Майор побежал выполнять приказание. Кругом было пасмурно и как-то по-осеннему неприветливо. Генерал поднялся на холмик и, наблюдая за работой комбата, обнаружил, как небольшой заливчик, из которого медленно выползал глиссер, пройдя в глубь поймы короткой узкой протокой, затем расползался в довольно большое озеро, наполовину покрытое уже тонким темноватым льдом.

— Идея! — восторженно пробасил Иван Андреевич. — Озерцо это замерзнет раньше, чем Волга. Оно уже замерзло, вот мы на нем и испытаем за эти дни нашу канатную дорогу. Могилян, поди-ка сюда! — крикнул генерал. — Ему ведь придется все это делать.

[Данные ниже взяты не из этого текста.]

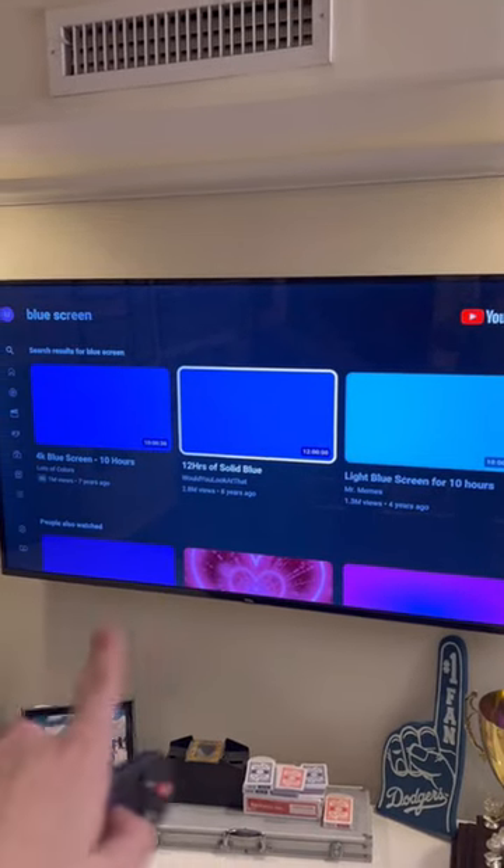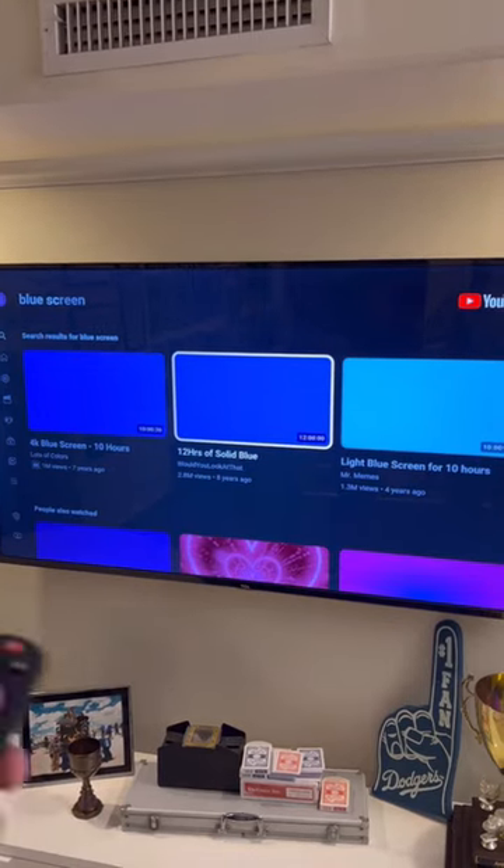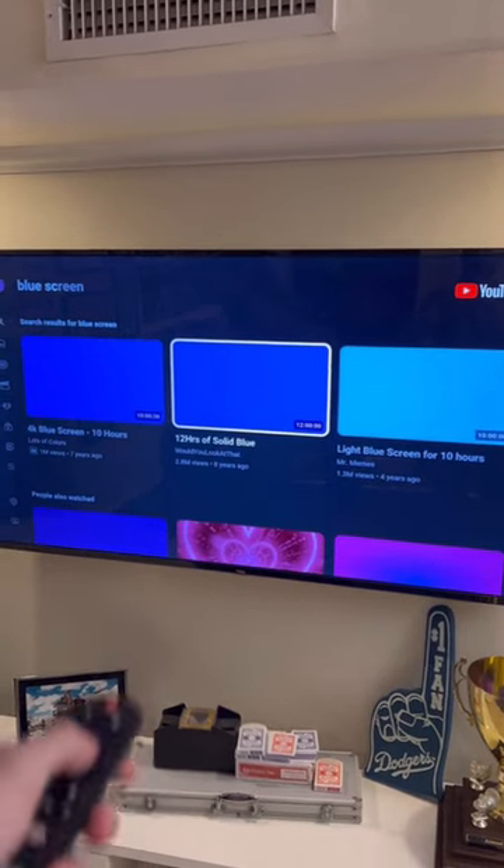All right, so step one: you're gonna want to go to YouTube and then type in 'blue screen.' This is just the easiest way to do it. Or if you have an RGB light, you could just use that.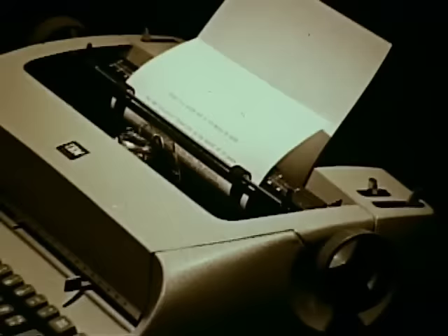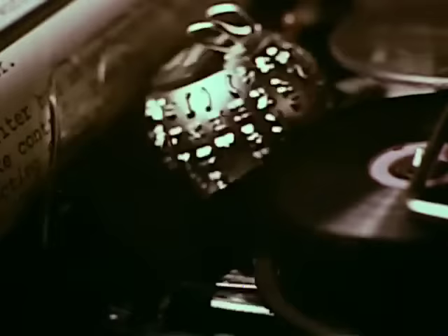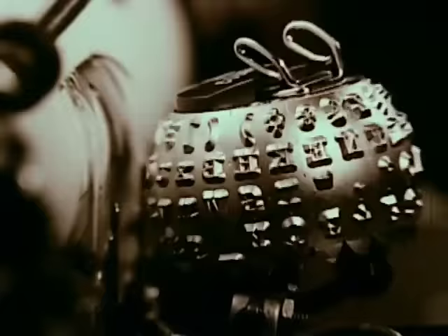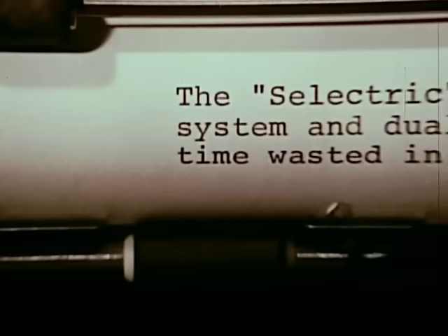This is the best thing that's happened to typing since electricity, the IBM Selectric typewriter. Instead of type bars, there's an ingenious printing element that dances across the paper at incredible speed, faster even than the eye can see. Now watch in slow motion as it turns, tilts, and prints.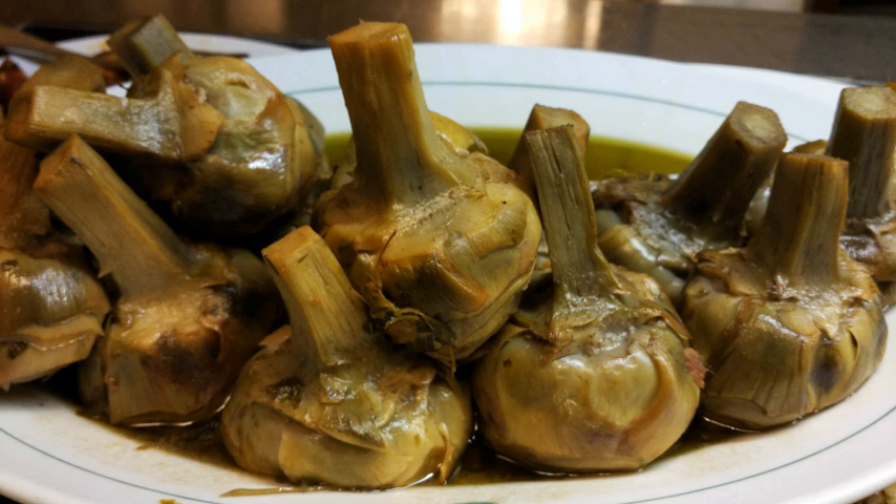At the end, all the artichokes are put in a deep pan, standing on the stem, enough in number so that they support each other and don't fall. Water and white wine are added, and oil, pepper and salt are sprinkled on them. Then they are braised in the covered pan until the liquid has evaporated. One can eat them warm or at room temperature.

Предполагалось по движущемуся тросу через определенные промежутки цеплять салазки с грузом, которые пойдут на большой скорости. Их нагрузку свободно выдержит тонкий лед. Это была, новинка саперов Сталинградского фронта. Но требовалось еще решить многие детали. Об этой дороге, как и о работе всех основных переправ, знал Никита Сергеевич Хрущев. На одном из совещаний у него в блиндаже после доклада нового начальника штаба инженерных войск фронта полковиика Н. Т. Держицкого Никита Сергеевич спросил: [132]

— А как вы будете отцеплять салазки? Может, их надо крепить, как в шахтах вагонетки, идущие на-гора?

Это указание специалисты учли и сделали так, как предложил Н. С. Хрущев.

Иван Андреевич вспомнил сейчас об этом, хотел рассказать поподробнее, но тут к берегу примчался на максимальной скорости я круто затормозил «виллис».

— Это, конечно, генерал Захаров, — говорю я Петрову.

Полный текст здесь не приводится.